28th President of the Ateneo de Manila University
- In office April 1, 1984 – April 1, 1993
- Preceded by: Jose A. Cruz
- Succeeded by: Bienvenido Nebres

Member of the Philippine Constitutional Commission
- In office June 2, 1986 – October 15, 1986
- President: Corazon Aquino

Personal details
- Born: July 7, 1932 Baao, Camarines Sur, Philippine Islands
- Died: March 6, 2021 (aged 88) Quezon City, Philippines
- Education: Berchmans College Ateneo de Manila University Woodstock College New York University
- Profession: Lawyer Professor Jesuit Priest

Ecclesiastical career
- Religion: Roman Catholic
- Ordained: 1965

= Joaquin Bernas =

Filipino academic (1932–2021)

Joaquin Guevara Bernas SJ (July 7, 1932 – March 6, 2021) was a Jesuit priest, lawyer, college professor and writer who was Dean Emeritus of the Ateneo de Manila Law School in Makati, Philippines. He was a member of the 1986 Constitutional Commission which drafted the 1987 Philippine Constitution.

Bernas specialized in the Philippine Constitution and was an author of law books and articles.

==Education==
Bernas was born in Baao, Camarines Sur in 1932 and raised in Naga, and he graduated Ateneo de Naga University for his high school degree in 1950. He moved to Cebu and earned his Bachelor of Arts degree in English, Latin, and Greek Classics, and right after a Master of Arts degree in Philosophy at the Berchmans College school for Theology (now housed at Ateneo de Manila University, the previous site is now the current home of the University of the Philippines Cebu) in 1956 and 1957, respectively. He arrived in Manila thereafter with dreams to become a lawyer as well. In 1962, he received his Bachelor of Laws degree from Ateneo de Manila Law School as its valedictorian and placed 9th in the bar examinations given that year.
He simultaneously applied to join the Society of Jesus in 1950 as the vocation was his primary goal and was eventually ordained to the priesthood in 1965.

Bernas had a Licentiate of Sacred Theology from Woodstock College in 1966, Master of Laws and Doctor of Juridical Science from New York University in 1965 and 1968, respectively.

==Career==
Bernas began teaching at Ateneo de Manila Law School in 1966. He served as dean twice during 1972 to 1976 and 2000 to 2004 and president of Ateneo de Manila University during 1984 to 1993. Upon his retirement as Law Dean in 2004, Bernas was conferred the position of Dean Emeritus at Ateneo School of Law. He continued to teach Constitutional Law and Public International Law to law freshmen and sophomores.

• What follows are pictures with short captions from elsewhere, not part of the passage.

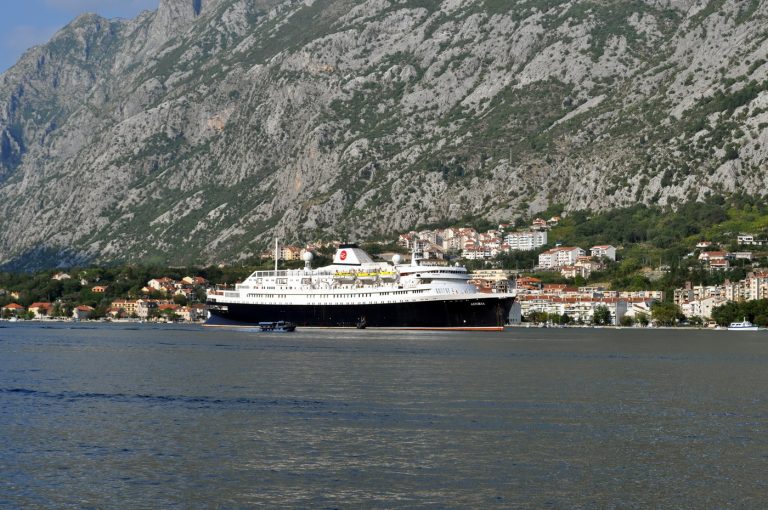 Astoria  u Kotoru – brod sa bogatom i dramatičnom prošlošću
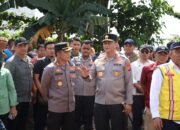 Peduli Korban Banjir di Barsel, Kapolda Kalteng Bersama Forkopimda Salurkan Bantuan Sosial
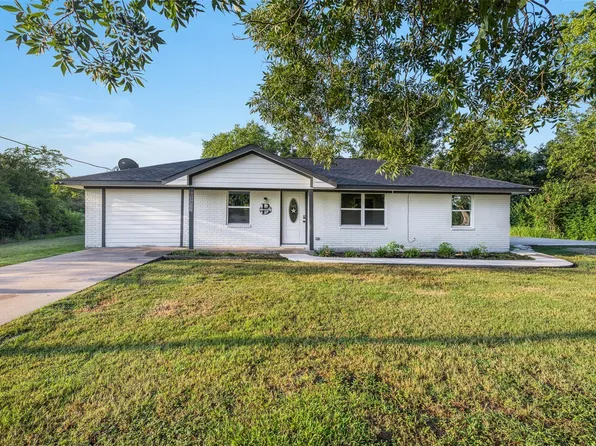 8822 Punchard Ln, Bellville, TX 77418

He was a member of the Constitutional Commission formed by President Corazon Aquino in 1986, a Provincial Superior of the Society of Jesus in the Philippines during 1976 to 1982, rector of the Jesuit Residence during 1994 to 2000 and a director of the Philippine Stock Exchange.

== Later life and death==
Bernas was confined at The Medical City for six weeks due to an infection and was discharged from the hospital on March 4, 2021.
Bernas died at the Ateneo Jesuit Residence inside the Ateneo de Manila University campus in Quezon City on March 6, 2021. He died at the age of 88.

==Publications==
- The Intent of the 1986 Constitution Writers (1995)
- The 1987 Constitution of the Republic of the Philippines: A Commentary (1996)
- Constitutional Structure and Powers of Government: Notes and Cases (1997)
- A Living Constitution: The Ramos Presidency (1999) (ISBN 971-27-0787-3)
- A Living Constitution: The Cory Aquino Presidency (2000) (ISBN 971-27-0915-9)
- "From One-Man Rule to People Power" (2001)
- An Introduction to Public International Law (2002)
- A Living Constitution: The Abbreviated Estrada Presidency (2003) (ISBN 971-550-433-7)
- Constitutional Rights and Social Demands: Notes and Cases (2004)
- The 1987 Constitution of the Philippines: A Comprehensive Reviewer (2006)
- A Living Constitution: The Troubled Arroyo Presidency (2007) (ISBN 978-971-550-520-8)
- A Living Constitution: Constitutional Issues Arising During the Troubled Gloria Arroyo Presidency Part II (2010) (ISBN 978-971-030-564-3)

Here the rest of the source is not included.